◆ **Your objective**
Because the entries hold pictures, reproduce only their words, exactly as written.

*** Input data Section Begins ***

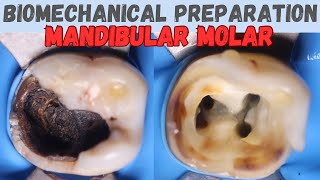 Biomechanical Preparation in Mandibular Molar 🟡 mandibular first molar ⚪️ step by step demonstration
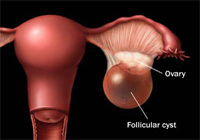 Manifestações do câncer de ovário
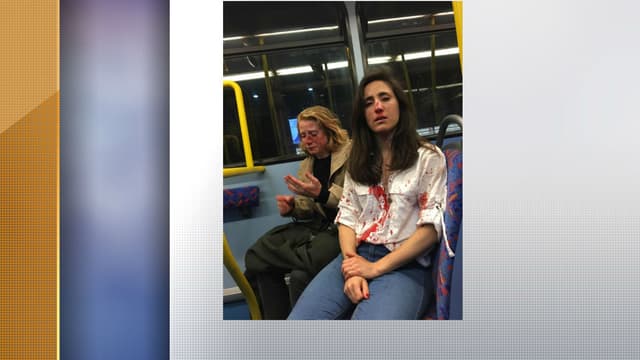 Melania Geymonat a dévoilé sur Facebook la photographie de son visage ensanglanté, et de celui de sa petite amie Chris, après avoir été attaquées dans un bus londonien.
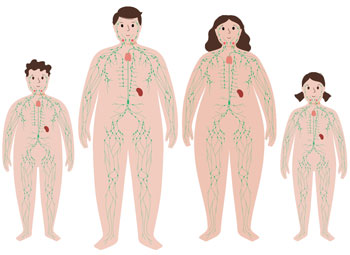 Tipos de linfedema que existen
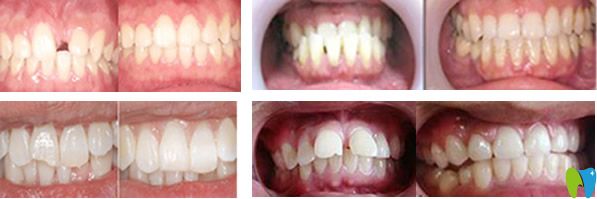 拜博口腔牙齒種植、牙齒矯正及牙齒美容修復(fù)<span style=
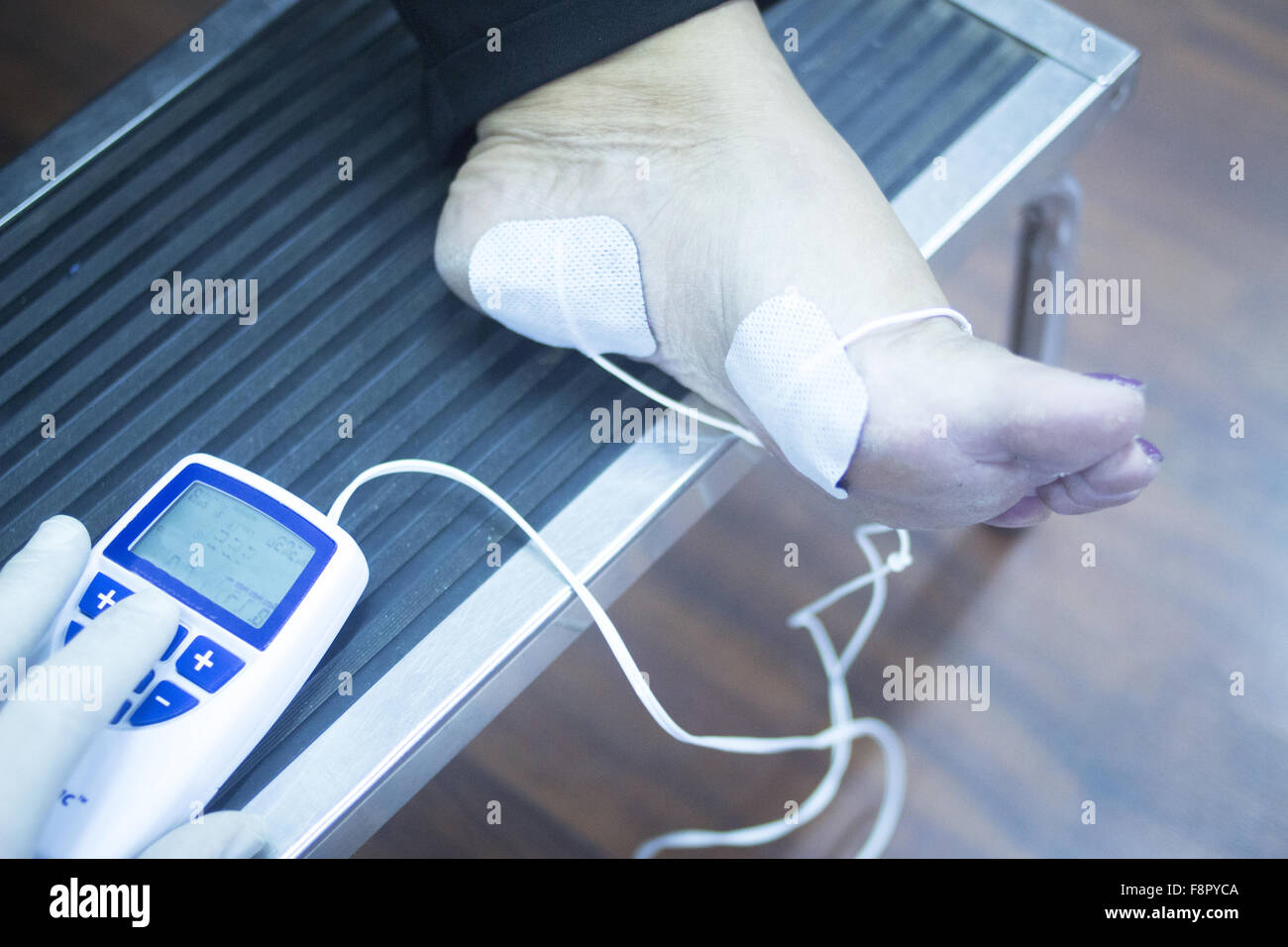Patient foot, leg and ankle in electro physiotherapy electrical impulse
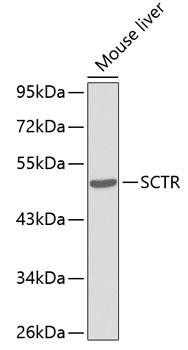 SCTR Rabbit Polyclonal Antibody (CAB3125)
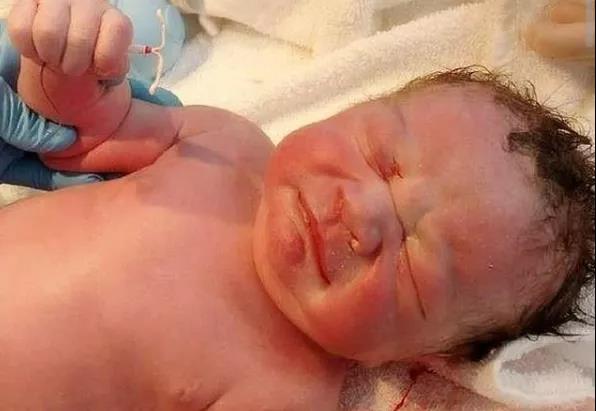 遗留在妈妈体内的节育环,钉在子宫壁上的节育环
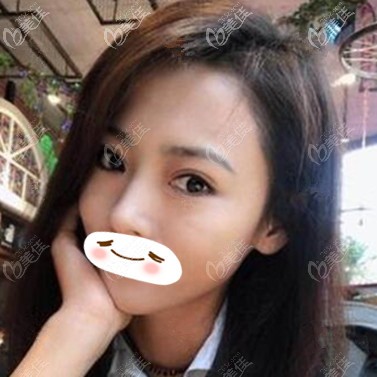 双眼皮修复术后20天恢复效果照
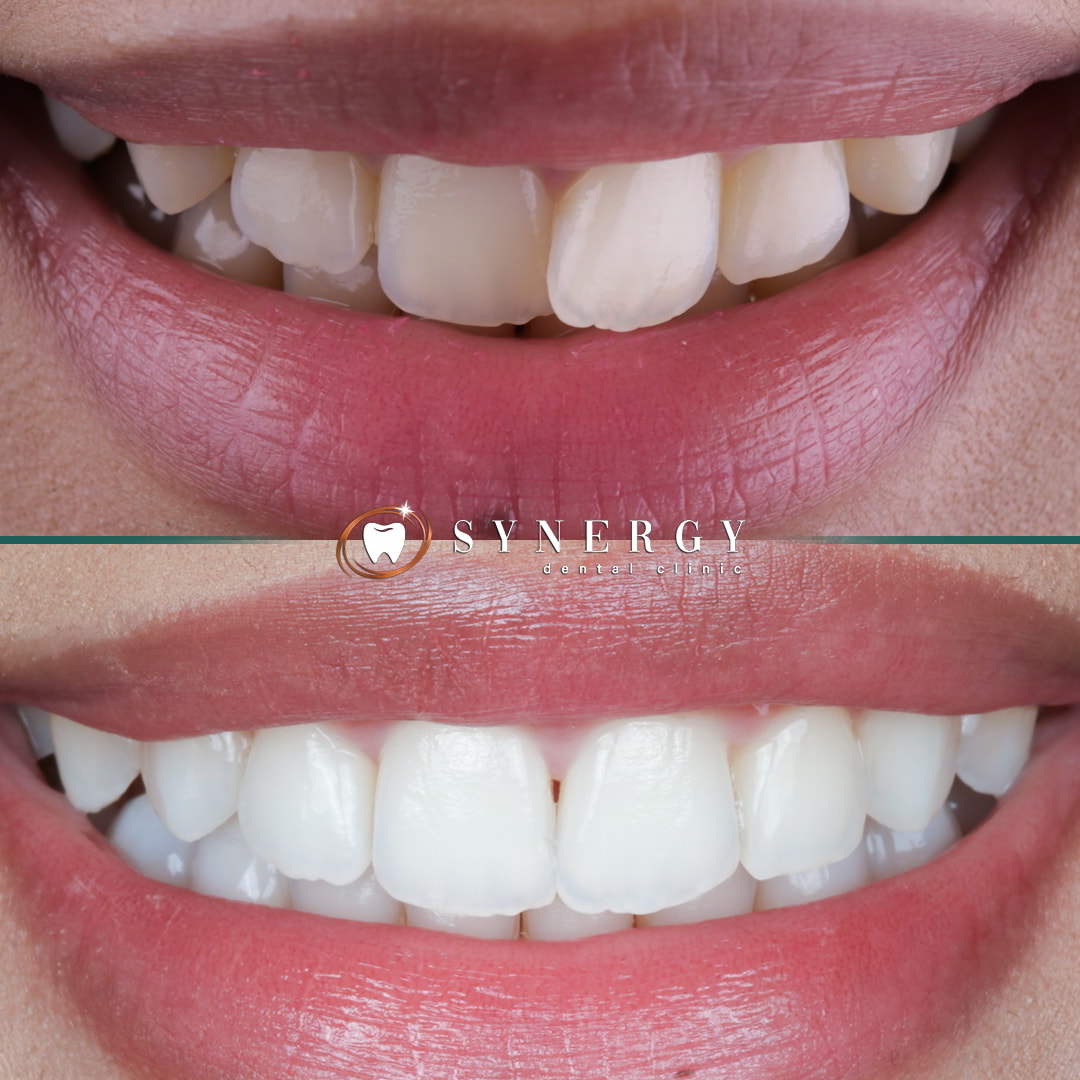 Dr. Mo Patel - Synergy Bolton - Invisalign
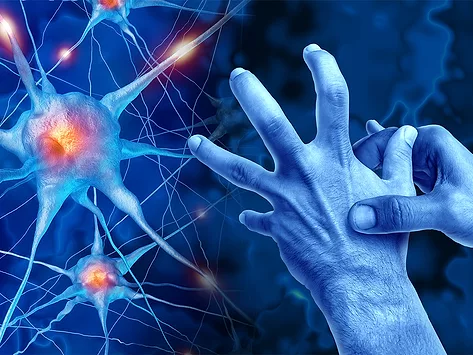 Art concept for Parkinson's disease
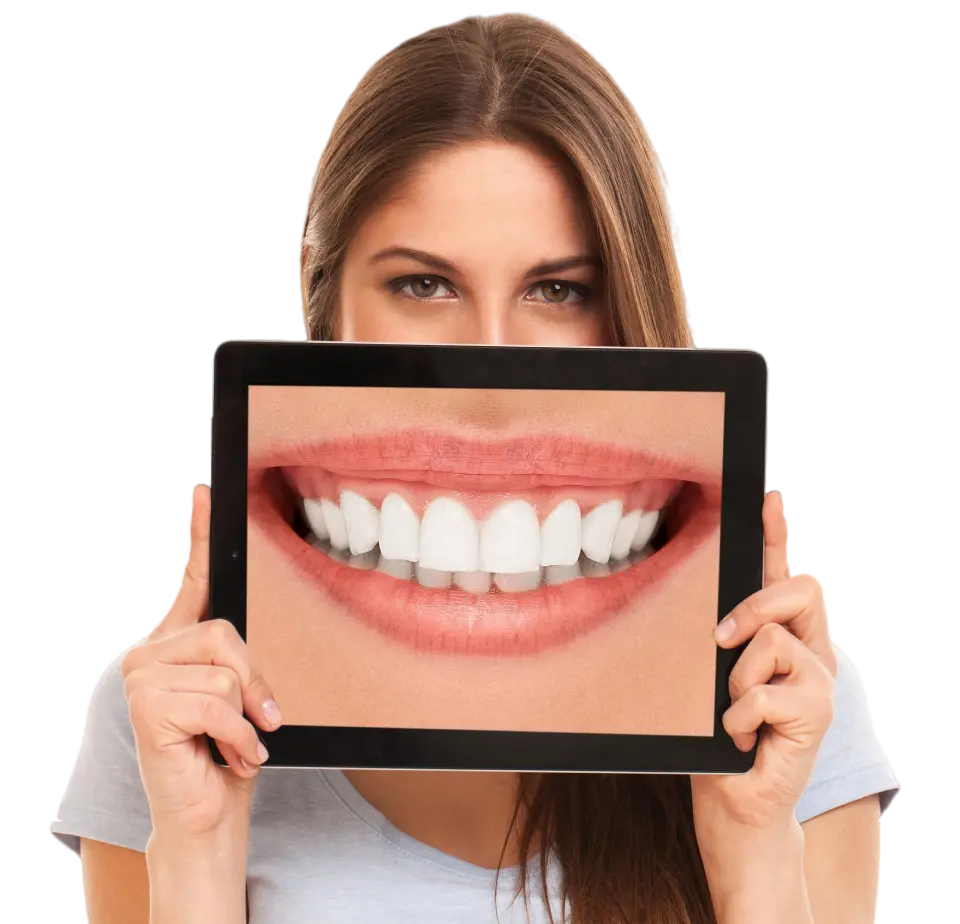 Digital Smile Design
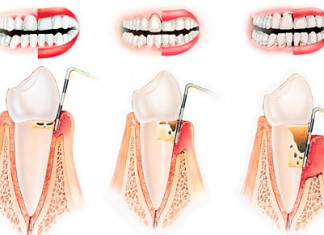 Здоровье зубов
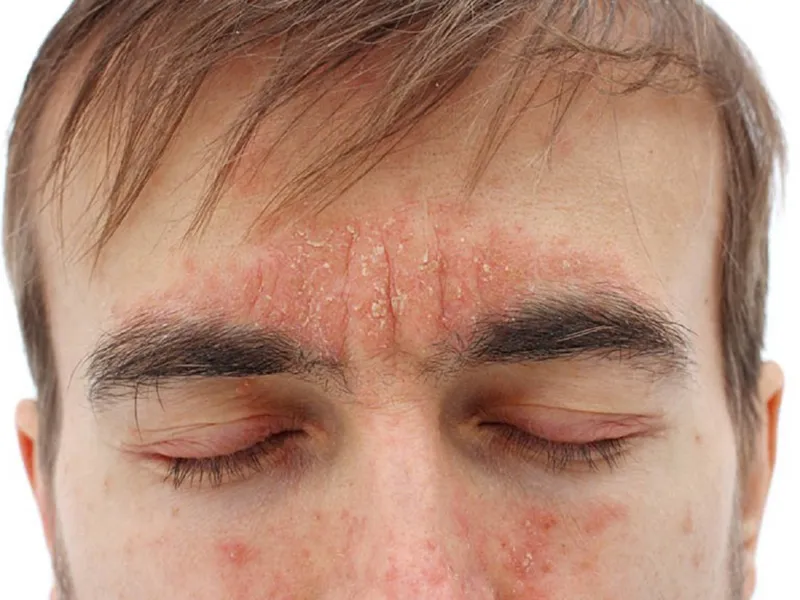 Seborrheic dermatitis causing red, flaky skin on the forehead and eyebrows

*** Input data Section Ends ***

◆ **Completed task**
 Biomechanical Preparation in Mandibular Molar 🟡 mandibular first molar ⚪️ step by step demonstration
 Manifestações do câncer de ovário
 Melania Geymonat a dévoilé sur Facebook la photographie de son visage ensanglanté, et de celui de sa petite amie Chris, après avoir été attaquées dans un bus londonien.
 Tipos de linfedema que existen
 拜博口腔牙齒種植、牙齒矯正及牙齒美容修復(fù)<span style=
Patient foot, leg and ankle in electro physiotherapy electrical impulse
 SCTR Rabbit Polyclonal Antibody (CAB3125)
 遗留在妈妈体内的节育环,钉在子宫壁上的节育环
 双眼皮修复术后20天恢复效果照
 Dr. Mo Patel - Synergy Bolton - Invisalign
 Art concept for Parkinson's disease
 Digital Smile Design
 Здоровье зубов
 Seborrheic dermatitis causing red, flaky skin on the forehead and eyebrows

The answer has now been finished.